Teachers pretty much can’t talk in a stern voice or give detention to a wayward kid. They’re not allowed to demand a student stay on task when working on a laptop or stop disrespecting a classmate they’re trying to talk over because I guess their point is that much more profound and important – trust me, it’s likely not.
That’s obviously a bit played up, but I recently heard an obtuse account of a parent’s complaint pretty much about me because nothing is ever direct from the source where I work. Anyway, what I gathered from it was that this woman felt her son was being bullied by his insensitive teachers.
So now we call being kicked out of class bullied.
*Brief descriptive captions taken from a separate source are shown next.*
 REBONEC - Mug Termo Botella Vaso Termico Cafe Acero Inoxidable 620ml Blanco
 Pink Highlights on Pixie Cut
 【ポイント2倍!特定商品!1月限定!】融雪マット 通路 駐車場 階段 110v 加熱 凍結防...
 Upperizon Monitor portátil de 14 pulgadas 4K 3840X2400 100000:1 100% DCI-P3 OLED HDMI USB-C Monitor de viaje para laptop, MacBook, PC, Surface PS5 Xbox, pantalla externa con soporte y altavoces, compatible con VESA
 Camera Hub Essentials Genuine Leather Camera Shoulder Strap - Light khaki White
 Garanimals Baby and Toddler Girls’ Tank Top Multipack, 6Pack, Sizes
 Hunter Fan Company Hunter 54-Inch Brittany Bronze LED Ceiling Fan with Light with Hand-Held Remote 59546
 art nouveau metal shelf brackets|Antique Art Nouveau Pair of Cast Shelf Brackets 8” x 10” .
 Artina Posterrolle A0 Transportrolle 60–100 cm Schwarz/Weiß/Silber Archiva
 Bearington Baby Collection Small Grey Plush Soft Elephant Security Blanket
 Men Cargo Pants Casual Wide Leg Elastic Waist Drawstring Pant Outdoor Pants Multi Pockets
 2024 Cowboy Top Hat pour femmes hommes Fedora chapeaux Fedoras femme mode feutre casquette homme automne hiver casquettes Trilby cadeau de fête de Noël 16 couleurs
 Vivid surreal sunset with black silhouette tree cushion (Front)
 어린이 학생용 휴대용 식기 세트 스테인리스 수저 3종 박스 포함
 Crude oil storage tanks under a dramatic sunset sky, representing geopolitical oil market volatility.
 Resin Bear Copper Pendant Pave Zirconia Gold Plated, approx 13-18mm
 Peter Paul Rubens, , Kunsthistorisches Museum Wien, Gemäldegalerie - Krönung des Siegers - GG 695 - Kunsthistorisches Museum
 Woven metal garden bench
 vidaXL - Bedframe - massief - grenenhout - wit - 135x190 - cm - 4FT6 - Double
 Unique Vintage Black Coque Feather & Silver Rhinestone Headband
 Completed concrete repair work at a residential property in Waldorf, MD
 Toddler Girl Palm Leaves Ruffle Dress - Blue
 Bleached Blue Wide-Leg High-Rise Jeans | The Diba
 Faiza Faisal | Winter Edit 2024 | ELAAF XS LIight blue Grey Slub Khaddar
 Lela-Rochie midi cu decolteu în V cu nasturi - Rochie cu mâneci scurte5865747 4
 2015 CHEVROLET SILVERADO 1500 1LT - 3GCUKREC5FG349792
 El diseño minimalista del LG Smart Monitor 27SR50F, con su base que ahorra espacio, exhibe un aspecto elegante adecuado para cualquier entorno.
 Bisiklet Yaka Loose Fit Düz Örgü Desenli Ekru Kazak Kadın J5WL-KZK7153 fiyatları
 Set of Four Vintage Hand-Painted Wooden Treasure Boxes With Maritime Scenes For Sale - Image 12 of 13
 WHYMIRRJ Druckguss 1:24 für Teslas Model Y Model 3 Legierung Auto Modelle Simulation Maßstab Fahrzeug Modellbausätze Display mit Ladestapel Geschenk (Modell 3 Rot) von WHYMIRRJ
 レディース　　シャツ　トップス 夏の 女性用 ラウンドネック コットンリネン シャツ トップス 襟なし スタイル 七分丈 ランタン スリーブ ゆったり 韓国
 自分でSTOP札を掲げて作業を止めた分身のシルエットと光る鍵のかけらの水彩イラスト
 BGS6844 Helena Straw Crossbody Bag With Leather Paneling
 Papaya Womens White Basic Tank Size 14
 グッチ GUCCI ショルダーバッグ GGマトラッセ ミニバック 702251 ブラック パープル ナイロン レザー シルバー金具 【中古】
Why was he excused exactly?
Oh, because he disrespected a classmate in the midst of an explanation by interrupting him and proceeding to talk until the other student stopped. When called out on this overtly rude behavior, the boy laughed.
That’s when another student looked at him and said, “You’re dead,” as I told him to get out in no uncertain terms. Forget about disrespecting me, which I neither accept nor take lightly, but there’s no place for that lack of concern for peers in a positive learning community.
I figured he’d think about what he had done, maybe our headmaster would dispense some wisdom to him, I would follow up at home, and the student would learn from what he had done and grow up.
But no, that couldn’t happen; that would’ve been too easy.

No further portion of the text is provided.